Sorry, not sure what topic this question is under! But I am having trouble with finding x in this equation and I am unsure of where to begin.

Solve (sqr 3)x + (sqr 2)x = 1

I've tried squaring both sides, but it didn't really seem to get me anywhere.

Any help is greatly appreciated!

 

[stapel]

Solve (sqr 3)x + (sqr 2)x = 1

As posted, your exercise is:

. . . . .\(\displaystyle \mbox{Solve: }\, \sqrt{\strut 3\,}\, x\, +\, \sqrt{\strut 2\,}\, x\, =\, 1\)

But this is just a linear equation which solves as:

. . . . .\(\displaystyle x\, =\, \dfrac{1}{\sqrt{\strut 3\,}\, +\, \sqrt{\strut 2\,}}\)

...with no squaring involved. Was this what you meant? It seems unlikely from what you describe:

I've tried squaring both sides, but it didn't really seem to get me anywhere.

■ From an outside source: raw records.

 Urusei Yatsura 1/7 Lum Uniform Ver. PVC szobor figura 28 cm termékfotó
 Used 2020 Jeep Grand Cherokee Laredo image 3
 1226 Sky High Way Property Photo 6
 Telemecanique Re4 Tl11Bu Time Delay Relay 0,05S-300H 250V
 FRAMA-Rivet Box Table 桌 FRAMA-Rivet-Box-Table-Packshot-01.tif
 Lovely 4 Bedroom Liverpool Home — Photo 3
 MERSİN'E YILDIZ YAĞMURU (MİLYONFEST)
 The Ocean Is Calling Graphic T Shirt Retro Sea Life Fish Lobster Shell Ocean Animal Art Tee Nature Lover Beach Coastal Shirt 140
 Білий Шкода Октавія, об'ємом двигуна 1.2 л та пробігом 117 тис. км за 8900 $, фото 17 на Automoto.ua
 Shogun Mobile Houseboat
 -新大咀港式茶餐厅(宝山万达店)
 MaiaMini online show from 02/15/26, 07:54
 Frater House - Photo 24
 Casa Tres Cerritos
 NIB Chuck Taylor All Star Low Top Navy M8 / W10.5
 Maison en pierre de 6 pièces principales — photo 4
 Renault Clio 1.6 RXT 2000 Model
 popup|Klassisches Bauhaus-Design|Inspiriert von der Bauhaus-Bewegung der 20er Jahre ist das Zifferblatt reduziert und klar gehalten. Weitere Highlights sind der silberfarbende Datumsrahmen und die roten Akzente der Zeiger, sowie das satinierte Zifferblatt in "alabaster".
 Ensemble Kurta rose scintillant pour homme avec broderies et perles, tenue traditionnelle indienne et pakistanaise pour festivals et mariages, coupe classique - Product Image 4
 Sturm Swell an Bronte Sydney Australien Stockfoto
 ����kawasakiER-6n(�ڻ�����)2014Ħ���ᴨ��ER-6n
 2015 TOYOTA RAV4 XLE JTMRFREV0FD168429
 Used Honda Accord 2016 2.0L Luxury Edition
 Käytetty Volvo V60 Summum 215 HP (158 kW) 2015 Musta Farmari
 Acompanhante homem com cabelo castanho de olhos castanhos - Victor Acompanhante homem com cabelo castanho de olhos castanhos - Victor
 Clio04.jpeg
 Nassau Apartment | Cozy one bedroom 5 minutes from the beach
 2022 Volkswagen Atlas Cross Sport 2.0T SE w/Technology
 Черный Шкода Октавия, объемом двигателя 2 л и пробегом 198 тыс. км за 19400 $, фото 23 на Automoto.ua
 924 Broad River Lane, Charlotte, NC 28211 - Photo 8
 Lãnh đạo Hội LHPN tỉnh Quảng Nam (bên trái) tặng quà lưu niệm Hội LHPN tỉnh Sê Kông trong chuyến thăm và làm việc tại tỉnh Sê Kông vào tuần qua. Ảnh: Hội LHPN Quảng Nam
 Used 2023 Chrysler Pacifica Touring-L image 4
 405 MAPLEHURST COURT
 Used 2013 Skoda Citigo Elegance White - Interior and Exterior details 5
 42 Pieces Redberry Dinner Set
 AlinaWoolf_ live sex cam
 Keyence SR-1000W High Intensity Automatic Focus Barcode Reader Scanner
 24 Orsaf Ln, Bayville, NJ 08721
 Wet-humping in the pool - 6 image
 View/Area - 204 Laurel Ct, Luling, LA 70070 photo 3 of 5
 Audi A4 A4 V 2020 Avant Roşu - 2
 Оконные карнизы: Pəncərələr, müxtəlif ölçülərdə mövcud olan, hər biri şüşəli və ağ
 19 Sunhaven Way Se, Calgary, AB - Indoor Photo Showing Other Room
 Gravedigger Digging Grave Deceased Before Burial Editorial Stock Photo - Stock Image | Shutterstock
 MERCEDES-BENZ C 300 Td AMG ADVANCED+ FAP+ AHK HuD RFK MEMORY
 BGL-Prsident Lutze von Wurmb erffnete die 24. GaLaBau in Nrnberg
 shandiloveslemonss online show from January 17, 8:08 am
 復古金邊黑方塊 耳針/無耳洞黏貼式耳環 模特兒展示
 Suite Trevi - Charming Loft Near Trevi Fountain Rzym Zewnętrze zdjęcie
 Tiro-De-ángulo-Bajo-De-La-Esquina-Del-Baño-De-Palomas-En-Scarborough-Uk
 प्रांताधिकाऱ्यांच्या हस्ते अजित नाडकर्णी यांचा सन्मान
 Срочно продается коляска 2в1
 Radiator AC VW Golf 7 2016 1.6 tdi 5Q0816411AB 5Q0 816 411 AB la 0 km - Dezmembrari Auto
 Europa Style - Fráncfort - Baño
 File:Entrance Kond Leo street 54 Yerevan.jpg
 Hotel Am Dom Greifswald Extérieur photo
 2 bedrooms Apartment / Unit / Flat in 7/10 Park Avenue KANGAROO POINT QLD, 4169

Please reply showing what you've done, starting with a correct statement of the original equation; followed by the squaring of both sides; continuing on to the expansion, simplification, and isolation of the one remaining radical term; and then showing what happened when you squared both sides again.

Thank you!

 

[tilly]

Thak you!! Yes, that was what my question was. I realise now how it was just a matter of factorising the LHS. Sorry, next time if I have a question I will show my attempt. Thank you again for all your help!